→ **Task directions**
Once you find the line with "2021 Cadillac XT6" in the entries below, return exactly every line from it through the line with "Joyful latino young-adult".

┏━━

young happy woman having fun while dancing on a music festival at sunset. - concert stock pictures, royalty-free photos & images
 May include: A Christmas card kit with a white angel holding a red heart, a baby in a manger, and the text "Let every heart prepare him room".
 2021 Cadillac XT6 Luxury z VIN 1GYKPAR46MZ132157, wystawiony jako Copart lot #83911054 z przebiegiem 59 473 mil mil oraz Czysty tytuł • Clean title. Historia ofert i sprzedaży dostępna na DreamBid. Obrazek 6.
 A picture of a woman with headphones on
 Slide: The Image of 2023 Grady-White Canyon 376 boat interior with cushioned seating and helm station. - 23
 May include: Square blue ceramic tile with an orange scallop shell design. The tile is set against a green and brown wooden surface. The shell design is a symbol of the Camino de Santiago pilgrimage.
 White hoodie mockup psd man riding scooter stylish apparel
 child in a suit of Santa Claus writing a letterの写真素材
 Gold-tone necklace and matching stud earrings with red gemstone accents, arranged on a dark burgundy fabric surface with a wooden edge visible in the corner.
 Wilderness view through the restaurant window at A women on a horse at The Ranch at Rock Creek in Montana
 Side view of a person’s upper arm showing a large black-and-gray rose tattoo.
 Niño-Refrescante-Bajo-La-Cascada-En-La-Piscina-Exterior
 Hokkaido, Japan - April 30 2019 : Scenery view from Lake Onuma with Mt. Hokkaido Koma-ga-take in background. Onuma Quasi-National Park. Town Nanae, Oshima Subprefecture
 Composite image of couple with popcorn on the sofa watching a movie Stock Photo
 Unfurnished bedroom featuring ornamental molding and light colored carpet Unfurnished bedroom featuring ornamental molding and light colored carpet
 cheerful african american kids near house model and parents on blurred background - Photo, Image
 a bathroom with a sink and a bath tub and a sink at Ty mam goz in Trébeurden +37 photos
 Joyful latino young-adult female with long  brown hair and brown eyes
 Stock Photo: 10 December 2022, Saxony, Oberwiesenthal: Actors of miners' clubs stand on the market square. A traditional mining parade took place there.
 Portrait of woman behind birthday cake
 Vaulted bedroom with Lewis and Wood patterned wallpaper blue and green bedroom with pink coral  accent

┗━━

→ **Written response**
 2021 Cadillac XT6 Luxury z VIN 1GYKPAR46MZ132157, wystawiony jako Copart lot #83911054 z przebiegiem 59 473 mil mil oraz Czysty tytuł • Clean title. Historia ofert i sprzedaży dostępna na DreamBid. Obrazek 6.
 A picture of a woman with headphones on
 Slide: The Image of 2023 Grady-White Canyon 376 boat interior with cushioned seating and helm station. - 23
 May include: Square blue ceramic tile with an orange scallop shell design. The tile is set against a green and brown wooden surface. The shell design is a symbol of the Camino de Santiago pilgrimage.
 White hoodie mockup psd man riding scooter stylish apparel
 child in a suit of Santa Claus writing a letterの写真素材
 Gold-tone necklace and matching stud earrings with red gemstone accents, arranged on a dark burgundy fabric surface with a wooden edge visible in the corner.
 Wilderness view through the restaurant window at A women on a horse at The Ranch at Rock Creek in Montana
 Side view of a person’s upper arm showing a large black-and-gray rose tattoo.
 Niño-Refrescante-Bajo-La-Cascada-En-La-Piscina-Exterior
 Hokkaido, Japan - April 30 2019 : Scenery view from Lake Onuma with Mt. Hokkaido Koma-ga-take in background. Onuma Quasi-National Park. Town Nanae, Oshima Subprefecture
 Composite image of couple with popcorn on the sofa watching a movie Stock Photo
 Unfurnished bedroom featuring ornamental molding and light colored carpet Unfurnished bedroom featuring ornamental molding and light colored carpet
 cheerful african american kids near house model and parents on blurred background - Photo, Image
 a bathroom with a sink and a bath tub and a sink at Ty mam goz in Trébeurden +37 photos
 Joyful latino young-adult female with long  brown hair and brown eyes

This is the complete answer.